Il estime que l’industrie automobile locale permettra d’attirer d’autres investissements complémentaires à l’industrie des véhicules, ce qui permettra de compléter le tissu industriel et de créer des emplois pour les jeunes.
De son côté, l’expert économique Hussein Ben Aalia souligne que l’Algérie représente un marché important pour les investisseurs dans l’industrie automobile, évoquant la forte demande intérieure pour les véhicules dans le contexte de la pénurie que connaît le marché automobile, ajoutant que l’Algérie, de par sa position géographique et son orientation vers l’ouverture de frontières avec les pays voisins, constitue une porte d’entrée pour les constructeurs automobiles en Afrique.

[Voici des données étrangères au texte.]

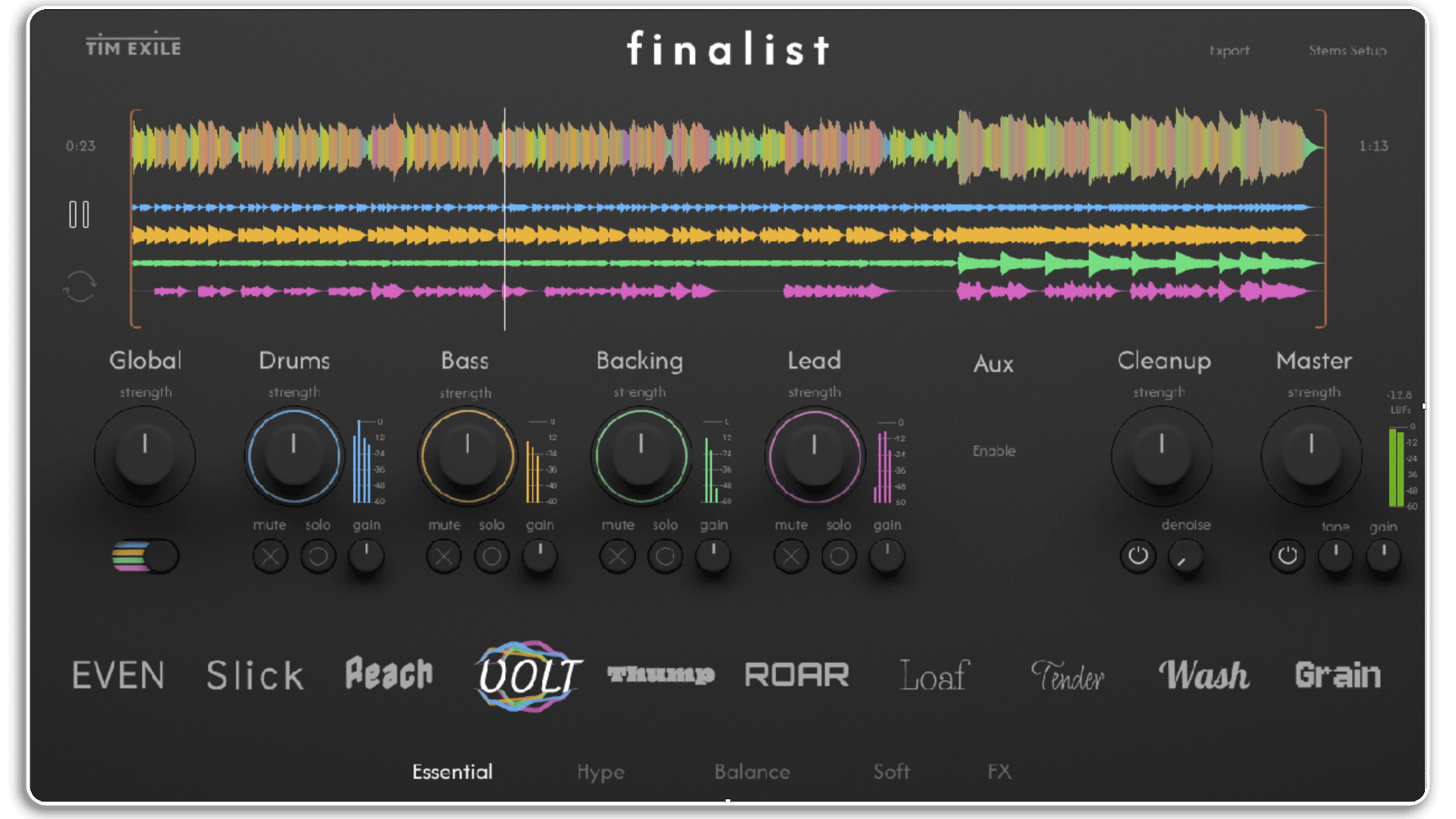 finalist by tim exile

Près de 30 entreprises ont présenté des demandes pour la création d’usines de voitures en Algérie, telles que « JAC », « Geely » et la société coréenne « Hyundai », selon l’agence de presse algérienne.
Il convient de noter que la société italienne « Fiat » a lancé fin décembre une usine pour sa marque dans la wilaya d’Oran, à l’ouest de l’Algérie, avec une capacité de production initiale estimée à 60 000 voitures par an dans la première phase, et vise à atteindre un objectif de 90 000 véhicules par an dans la deuxième phase.
Conditions et avantages
Le gouvernement algérien a adopté fin 2022 une liste de règles pour l’industrie automobile, dans une démarche visant à relancer l’industrie locale, et a adopté des avantages attrayants pour les fabricants.

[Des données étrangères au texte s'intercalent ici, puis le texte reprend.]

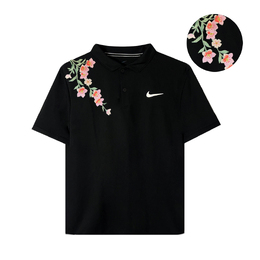 Nike: Чёрная рубашка  Dri FIT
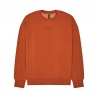 BLUZA FOX WORDMARK OVERSIZED FLEECE CREW COGNAC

Les fabricants de véhicules bénéficient d’exonérations douanières et d’exonérations de TVA sur les composants et les matières premières importés ou fabriqués localement dans leurs activités.
L’Algérie exige, pour exercer l’activité de fabrication de véhicules, le respect d’un taux d’intégration minimal de 10% à la fin de la deuxième année de démarrage de l’activité, pour atteindre 20% à la fin de la troisième année, puis 30% à la fin de la cinquième année.

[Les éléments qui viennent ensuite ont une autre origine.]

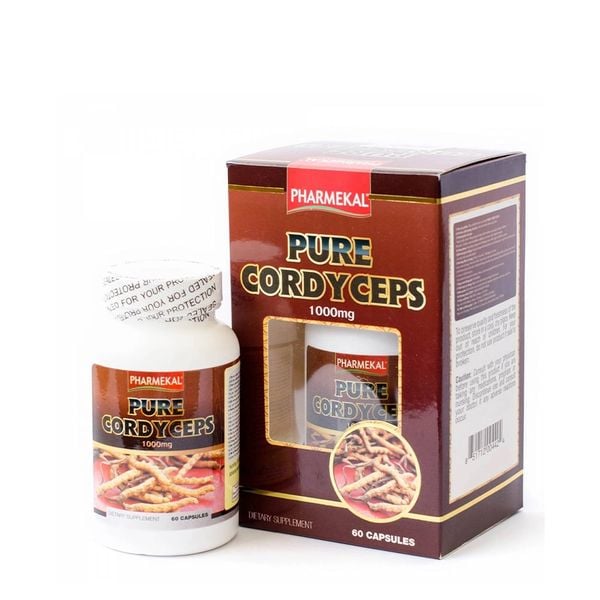 Pharmekal Pure Cordyceps 60 Viên | Viên Uống Đông Trùng Hạ Thảo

L’activité de fabrication de voitures fait partie des « investissements structurants » qui donnent droit à l’investisseur de bénéficier d’exonérations fiscales et douanières sur les biens utilisés directement dans la production du projet, ainsi que l’exonération des taxes foncières pendant une période pouvant aller jusqu’à 10 ans, à compter du lancement du projet.
Il est également exigé que l’investissement réalisé respecte les critères de qualification des « investissements structurants » qui nécessitent un volume d’investissement d’au moins 10 milliards de dinars algériens (environ 75 millions de dollars), et la création d’au moins 500 emplois directs.
Les règles ont également imposé aux entreprises l’obligation d’exporter des véhicules à l’étranger après la fin de la cinquième année suivant l’obtention de l’autorisation de démarrage de leurs activités. Elles ne sont pas empêchées de procéder à des exportations avant l’expiration de ces 5 années.
Une expérience ratée
En 2014, l’Algérie a produit la première voiture assemblée localement sous la marque « Renault Algérie » – un partenariat algéro-français – dans une expérience qui s’est étendue à des marques comme « Kia », « Hyundai » et « Volkswagen », mais qui a finalement échoué et s’est soldée par la fermeture, ce qui a entraîné la perte de 51 000 emplois selon des données officielles.
Les projets d’assemblage de voitures lancés sous le règne de l’ancien président Abdelaziz Bouteflika sont qualifiés d’importations masquées qui ont coûté cher à l’Algérie.
Les propriétaires de projets d’assemblage de voitures sous l’ère Bouteflika ont bénéficié d’avantages fiscaux et douaniers sans atteindre les taux d’intégration requis dans l’industrie automobile, étant donné que les véhicules arrivaient presque complets dans les usines.
La création de projets de fabrication de voitures localement en Algérie à la fin de 2023 coïncide avec le retour de l’activité d’importation de véhicules après environ 4 ans de gel des importations de véhicules neufs. Après des années d’interdiction, le gouvernement a adopté l’année dernière des lois autorisant l’importation de voitures neuves et d’occasion de moins de 3 ans.